____ GIVEN RECORDS

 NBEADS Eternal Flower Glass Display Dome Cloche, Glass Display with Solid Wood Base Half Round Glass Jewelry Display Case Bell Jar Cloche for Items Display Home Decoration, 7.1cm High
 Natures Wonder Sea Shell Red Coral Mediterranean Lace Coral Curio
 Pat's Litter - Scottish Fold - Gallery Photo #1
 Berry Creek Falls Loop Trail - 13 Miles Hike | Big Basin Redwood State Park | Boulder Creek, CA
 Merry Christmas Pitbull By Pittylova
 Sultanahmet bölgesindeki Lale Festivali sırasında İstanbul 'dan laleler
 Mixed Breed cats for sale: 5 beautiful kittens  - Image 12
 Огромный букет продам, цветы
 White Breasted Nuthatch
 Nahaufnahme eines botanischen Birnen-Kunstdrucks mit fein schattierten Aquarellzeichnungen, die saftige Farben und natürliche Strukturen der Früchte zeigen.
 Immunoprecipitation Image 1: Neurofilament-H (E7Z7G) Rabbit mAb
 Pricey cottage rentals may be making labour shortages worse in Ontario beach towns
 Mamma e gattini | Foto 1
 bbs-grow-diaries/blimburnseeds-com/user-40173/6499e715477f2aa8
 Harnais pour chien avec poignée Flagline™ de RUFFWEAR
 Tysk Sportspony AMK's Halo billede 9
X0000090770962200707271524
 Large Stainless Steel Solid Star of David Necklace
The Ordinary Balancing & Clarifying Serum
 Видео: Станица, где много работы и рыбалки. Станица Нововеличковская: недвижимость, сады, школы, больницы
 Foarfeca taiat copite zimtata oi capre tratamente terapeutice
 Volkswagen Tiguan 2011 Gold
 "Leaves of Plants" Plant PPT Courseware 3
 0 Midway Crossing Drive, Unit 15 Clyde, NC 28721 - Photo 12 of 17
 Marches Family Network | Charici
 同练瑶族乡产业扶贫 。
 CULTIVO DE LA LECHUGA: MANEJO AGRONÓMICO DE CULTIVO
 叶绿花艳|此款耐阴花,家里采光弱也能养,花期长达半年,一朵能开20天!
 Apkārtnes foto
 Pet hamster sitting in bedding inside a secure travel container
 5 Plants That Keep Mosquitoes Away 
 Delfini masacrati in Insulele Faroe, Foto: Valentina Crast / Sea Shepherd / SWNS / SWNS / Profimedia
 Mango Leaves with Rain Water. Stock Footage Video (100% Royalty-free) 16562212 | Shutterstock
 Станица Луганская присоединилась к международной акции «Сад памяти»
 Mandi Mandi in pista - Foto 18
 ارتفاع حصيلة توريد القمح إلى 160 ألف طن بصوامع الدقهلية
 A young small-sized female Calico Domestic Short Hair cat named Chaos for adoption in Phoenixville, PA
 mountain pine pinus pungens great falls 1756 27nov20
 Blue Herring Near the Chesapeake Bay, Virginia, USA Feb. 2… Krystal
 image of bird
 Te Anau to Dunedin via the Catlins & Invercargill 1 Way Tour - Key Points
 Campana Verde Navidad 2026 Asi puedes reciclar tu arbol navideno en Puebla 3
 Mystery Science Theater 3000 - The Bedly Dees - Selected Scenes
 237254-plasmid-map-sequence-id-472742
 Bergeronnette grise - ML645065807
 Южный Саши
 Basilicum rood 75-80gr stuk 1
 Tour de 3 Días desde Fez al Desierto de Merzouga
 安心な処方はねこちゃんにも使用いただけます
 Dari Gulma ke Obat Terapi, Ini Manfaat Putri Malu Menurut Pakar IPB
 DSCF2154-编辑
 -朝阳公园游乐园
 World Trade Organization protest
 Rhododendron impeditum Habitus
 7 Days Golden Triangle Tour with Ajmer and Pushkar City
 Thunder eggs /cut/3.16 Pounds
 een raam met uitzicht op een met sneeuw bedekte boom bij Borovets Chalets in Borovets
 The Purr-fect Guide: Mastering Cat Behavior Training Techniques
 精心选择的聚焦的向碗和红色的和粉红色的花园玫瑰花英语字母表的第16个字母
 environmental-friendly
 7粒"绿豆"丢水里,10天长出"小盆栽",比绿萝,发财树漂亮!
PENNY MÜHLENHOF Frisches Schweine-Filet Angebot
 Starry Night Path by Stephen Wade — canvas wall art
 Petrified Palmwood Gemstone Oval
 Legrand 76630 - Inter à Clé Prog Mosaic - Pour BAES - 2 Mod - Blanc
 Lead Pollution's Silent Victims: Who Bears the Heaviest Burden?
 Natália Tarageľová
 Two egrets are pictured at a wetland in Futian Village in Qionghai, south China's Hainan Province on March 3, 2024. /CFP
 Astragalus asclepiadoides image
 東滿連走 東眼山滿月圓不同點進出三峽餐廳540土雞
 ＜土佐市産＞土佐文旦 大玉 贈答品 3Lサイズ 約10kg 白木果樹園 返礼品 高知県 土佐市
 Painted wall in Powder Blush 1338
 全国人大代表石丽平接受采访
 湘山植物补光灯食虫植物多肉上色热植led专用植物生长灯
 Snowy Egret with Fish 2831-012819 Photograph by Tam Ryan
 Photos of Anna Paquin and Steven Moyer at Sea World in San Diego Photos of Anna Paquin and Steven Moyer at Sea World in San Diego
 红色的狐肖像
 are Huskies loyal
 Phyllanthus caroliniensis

________

* DIRECTIONS FOR THIS TASK: Each line, from the one that holds "全国人大代表石丽平接受采访" through the last line of the entries, must be repeated exactly. Leave out everything else.

* RESULT BELOW:
 全国人大代表石丽平接受采访
 湘山植物补光灯食虫植物多肉上色热植led专用植物生长灯
 Snowy Egret with Fish 2831-012819 Photograph by Tam Ryan
 Photos of Anna Paquin and Steven Moyer at Sea World in San Diego Photos of Anna Paquin and Steven Moyer at Sea World in San Diego
 红色的狐肖像
 are Huskies loyal
 Phyllanthus caroliniensis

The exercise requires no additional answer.